WHAT TO PRODUCE: For the material below, count each line where the string "http" appears, then return the total alone.

── DATA FOR REVIEW ──

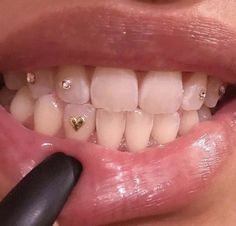 a close up of a person's mouth with braces on it and a black pen in front of them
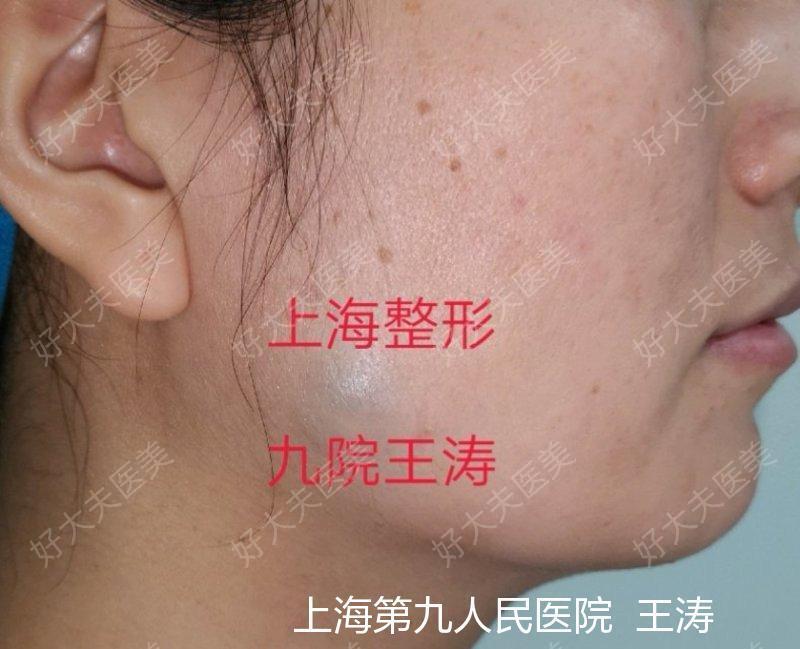 圖文圖片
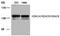 Histone Deacetylase 4 antibody, AP08090PU-S, Origene, Western Blot image 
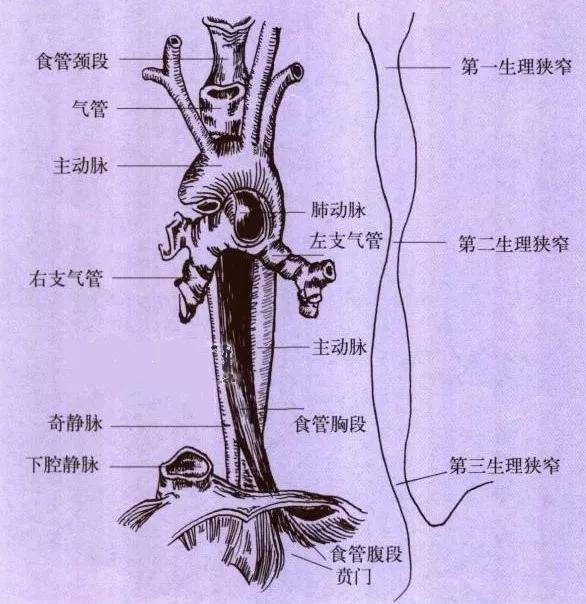 異物最常嵌頓於食管入口(第一生理狹窄),其次為食管中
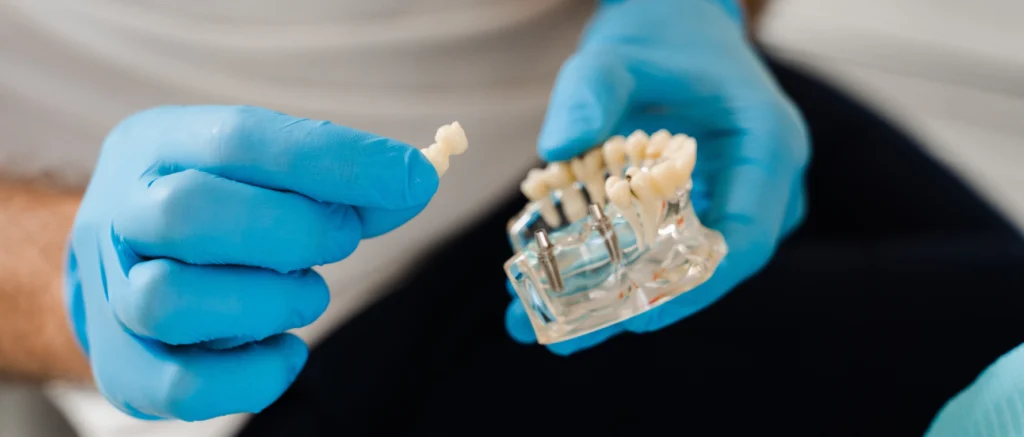 implant dentaire cres castelnau le lez Dentiste à Le Crès : implants dentaires Eurêka dentaire - Chirurgiens-dentistes à Castelnau-le-Lez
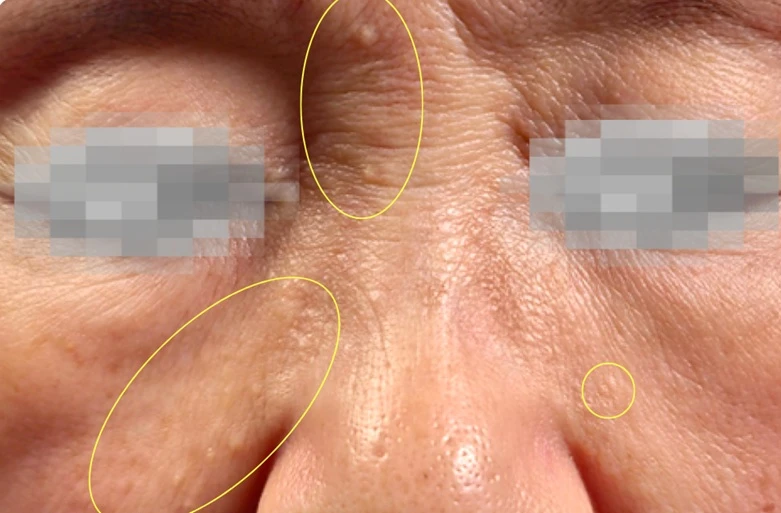 before_image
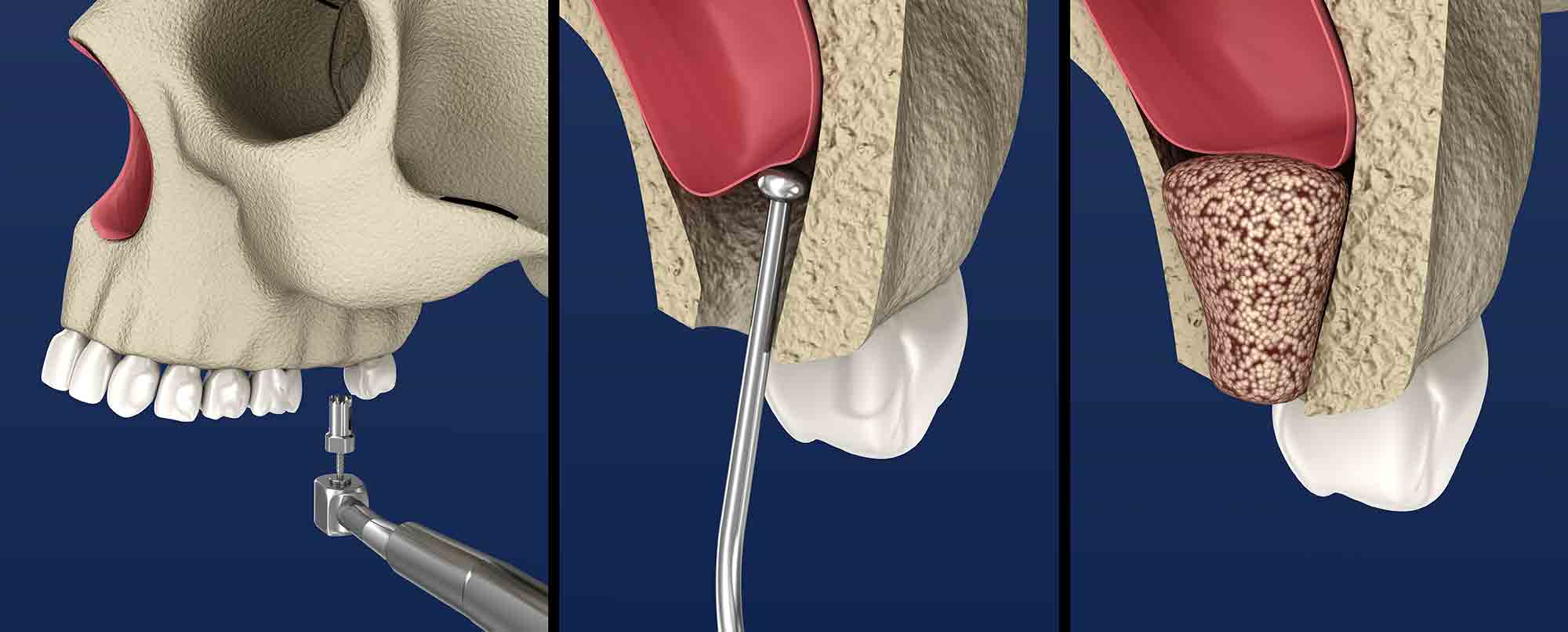 sinus augmentation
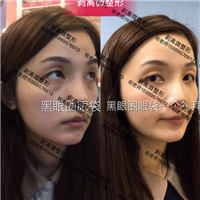 印第安纹剥离微整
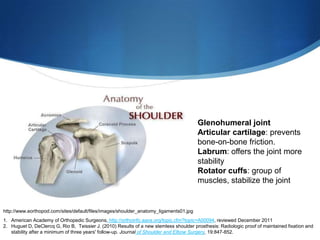 Glenohumeral joint
                                                                                        Articular cartilage: prevents
                                                                                        bone-on-bone friction.
                                                                                        Labrum: offers the joint more
                                                                                        stability
                                                                                        Rotator cuffs: group of
                                                                                        muscles, stabilize the joint


http://www.eorthopod.com/sites/default/files/images/shoulder_anatomy_ligaments01.jpg
1. American Academy of Orthopedic Surgeons, http://orthoinfo.aaos.org/topic.cfm?topic=A00094, reviewed December 2011
2. Huguet D, DeClercq G, Rio B, Teissier J. (2010) Results of a new stemless shoulder prosthesis: Radiologic proof of maintained fixation and
   stability after a minimum of three years' follow-up. Journal of Shoulder and Elbow Surgery, 19:847-852.
 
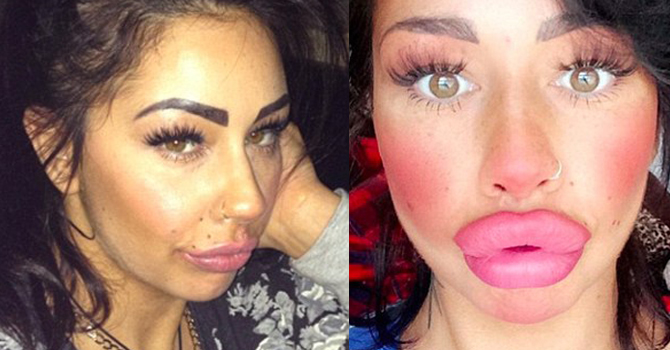 إمرأة تتحول إلى سمك السلمون بفيلر الشفاه.. فلماذا فعلت ذلك؟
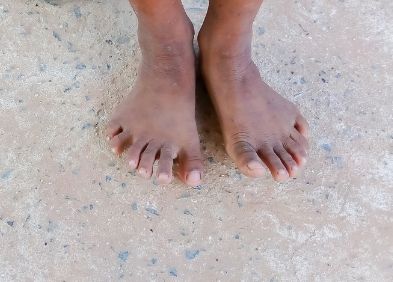 Polydactylie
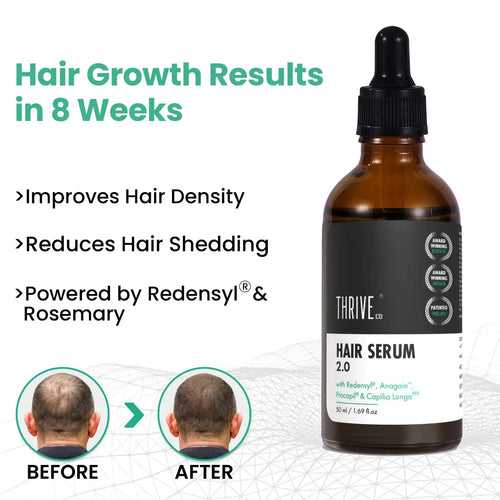 ThriveCo Hair Growth Serum 2.0 For Men & Women | 50ML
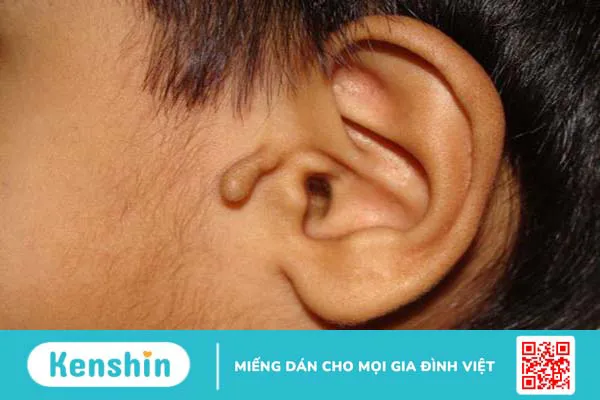 Thịt thừa ngoài tai và những điều bạn cần biết 1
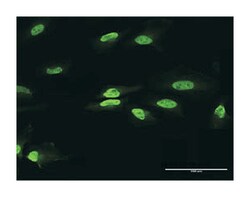paired box 2, Rabbit, Purified MaxPab Polyclonal Antibody, Abnova 100 &mu;g | Buy Online | Abnova | Fisher Scientific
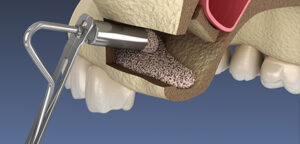 Lifting the jaw pocket without surgery:
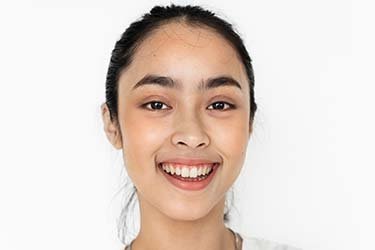 procedimento para corrigir bigode chinês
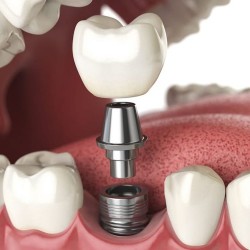 Chia sẻ từ chuyên gia: Chăm sóc răng miệng sau cấy ghép IMPLANT đúng chuẩn?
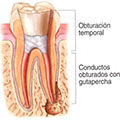 Obturador para endodoncias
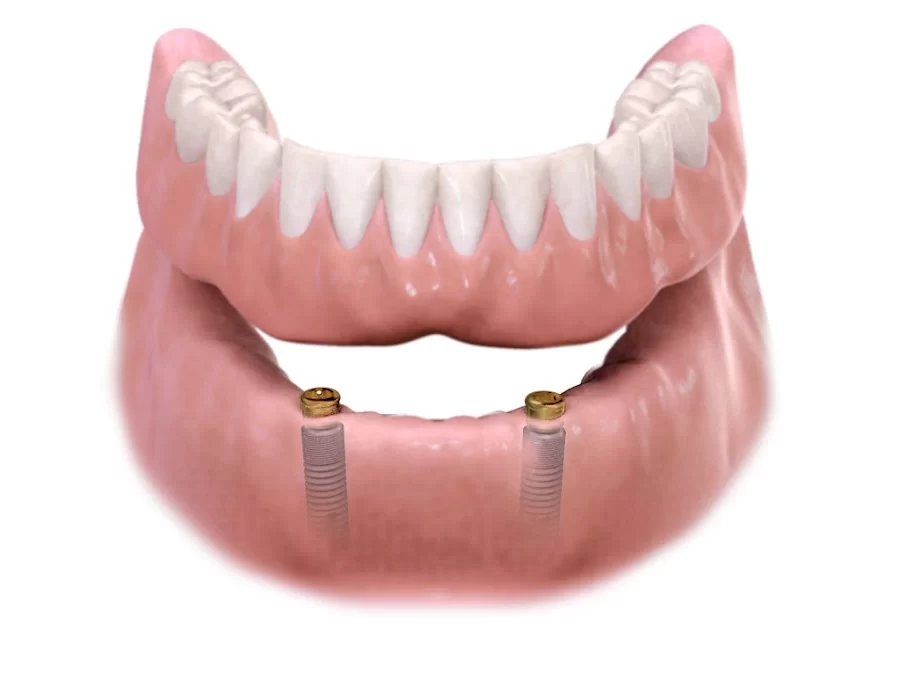 City Dental- Dental Implants and Orthodontics 1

───

TASK RESPONSE: 2